Your loved one may at times display a reluctance to eat. Chemotherapy, radiation and some medications can destroy the taste buds. That, coupled with not feeling well, can turn the patient against food. It may also be a part of his rebellion at being in the hospital. One possible solution is to work with the patient, the staff dietician and the doctor to find foods that will tempt the patient's appetite. You may also be allowed to bring in home-cooked foods or fast-food items. The hospital will closely monitor the patient's diet to be certain he is receiving the necessary nutrition. Except in medical situations that preclude eating, your loved one should be encouraged to eat a nutritionally sound diet.

Leaving the hospital at night may be a time of guilt and fear for some - and a welcome break from the day's tensions for others. Both feelings are normal and acceptable, and you may experience either or both emotions at different times. Those who are uncomfortable about leaving in the evening often feel that they are abandoning the patient or that he may not receive the needed care and attention when the staff is smaller. These concerns are understandable but unnecessary. All personnel and services that would be necessary in an emergency are available. Often the nurses actually have more time to talk with the patients during the evening than they do during the day.

For those who look forward to leaving at night, there is no reason to feel guilty. You may have spent the entire day caught up in the patient's needs. After so much time spent caring for another, you have a right and a need for a chance to unwind and care for yourself. However, feel free to phone the patient to say "good night" or to call the nurses' station to check on your loved one's condition.

Weekends can be both good and bad. It is a good idea to plan some different activity for the weekend, since many hospital personnel who help pass the time during the week are off duty. For many this is a time when the entire family can finally spend some time together. The joys of reunion occasionally may be marred by the tension of dealing with the increased number of people around you and the patient. This tension can often be relieved by having one or two family members visit with the patient while you and the others leave for a short while. Parents can sometimes get away for a few hours alone. You might check the local paper for something special to do with visiting family or friends.

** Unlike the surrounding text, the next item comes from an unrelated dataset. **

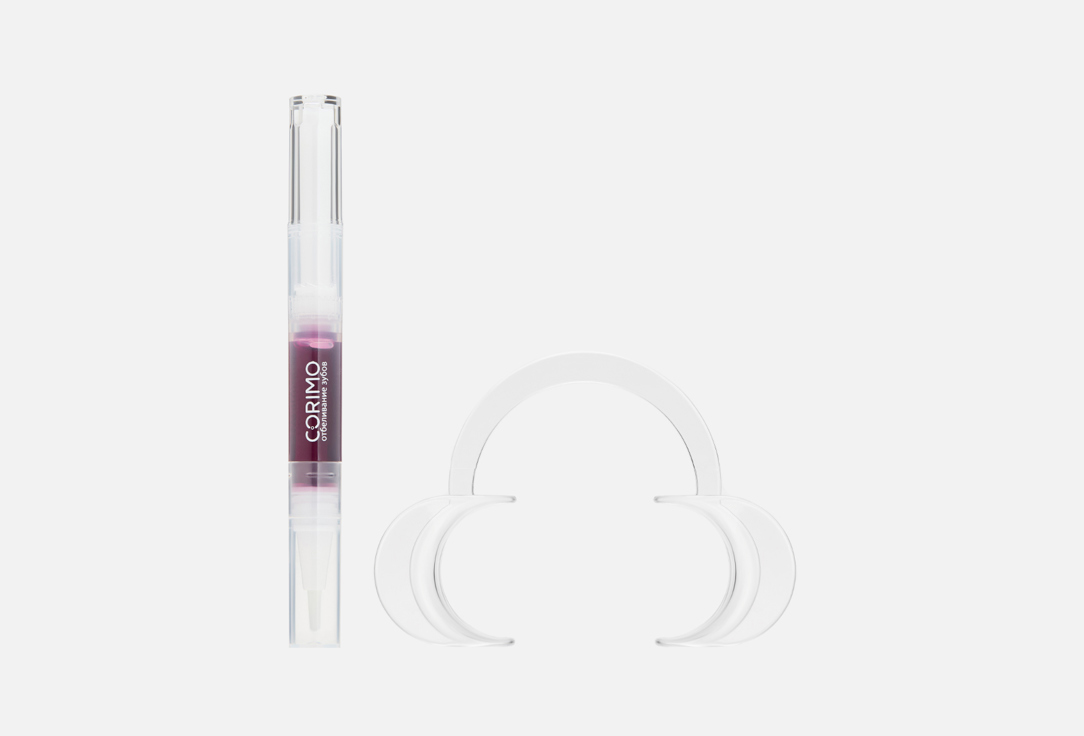 Whitening 2 г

A note about visitors: Various hospitals have differing regulations as to who may visit. The patient - and you - need to see different faces, but try not to overwhelm the patient with visitors. One or two people at a time for short periods is generally best. Remember that your loved one is ill and may not have the energy to deal with very many visitors.

Religion may or may not have been a part of your life before your loved one was diagnosed. Because of the seriousness of the disease and treatment, you may now find a greater need for spiritual assistance. A minister, priest or rabbi can be of invaluable help, both at home and in the hospital. If your loved one is in a hospital away from home, the hospital chaplain or your own spiritual leader may be able to arrange for someone to visit with you and the patient. If you are affiliated with a congregation, do keep in touch. They can provide both practical and spiritual support for you and your family. Some families will find that their faith and beliefs undergo some changes. For many people faith can help bring comfort and strength during this time of stress.